Wie die Kongresswahlen im vergangenen November gezeigt haben, spielt es dabei keine Rolle, ob das Herz eines Kandidaten oder einer Kandidatin der Demokraten (nicht der Republikaner!) persönlich eher links, rechts oder in der Mitte schlägt – jedenfalls nicht, solange sie Dreierlei beherzigen: dass sie bei den Wählern Hoffnung auf Veränderung wecken, dass sie keine politischen Eiferer sind (also das Gegenprogramm zu Trump!) – und dass sie auf die richtigen, mehrheitsfähigen Themen setzen.
Obama tat das, obwohl er seinerzeit in seiner Partei eher auf der linken Seite verortet wurde.

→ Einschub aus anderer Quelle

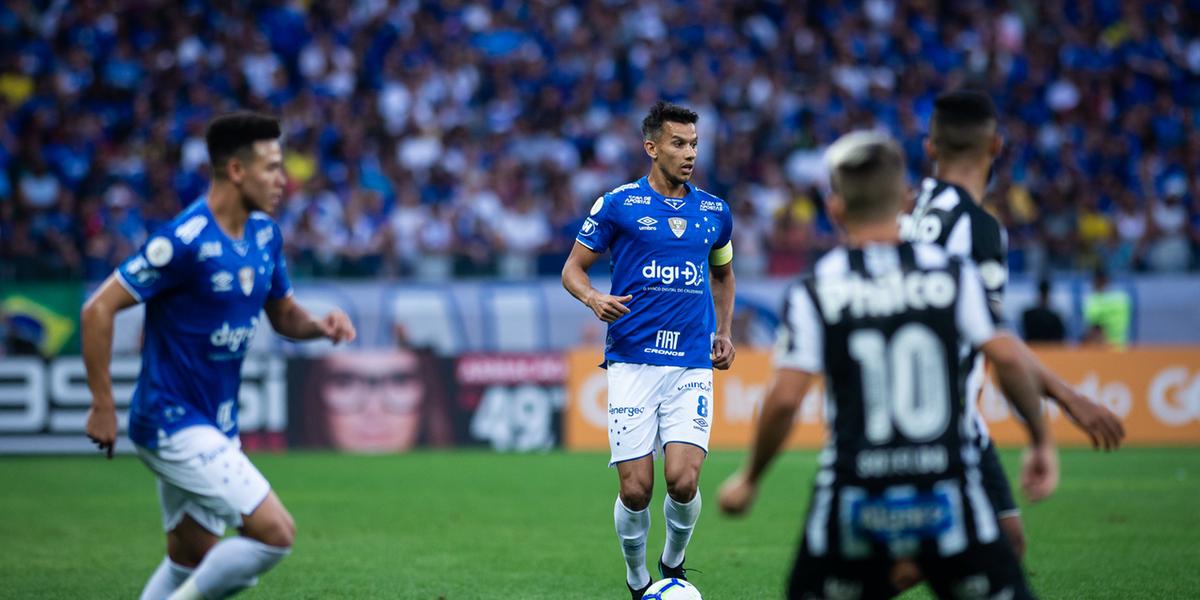 (Bruno Haddad/Cruzeiro)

Das schafften bei den Kongresswahlen im vergangenen Herbst auch viele Abgeordnete der Demokraten, egal welchem Parteiflügel sie angehörten.
Statt sich pausenlos am irrlichternden Donald Trump abzuarbeiten und eine Präsidentenanklage, ein sogenanntes Impeachment zu fordern und statt persönlichen Vorlieben und Minderheitenprogrammen zu frönen, machten sie sich stark für Themen, die für die Mehrheit der Amerikaner existenziell sind: eine bezahlbare Gesundheitsversorgung, gute und ausreichend finanzierte öffentliche Schulen, eine bezahlbare Universitätsausbildung. So lassen sich Wahlen gewinnen – und so könnte 2020 auch Donald Trump aus dem Weißen Haus vertrieben werden.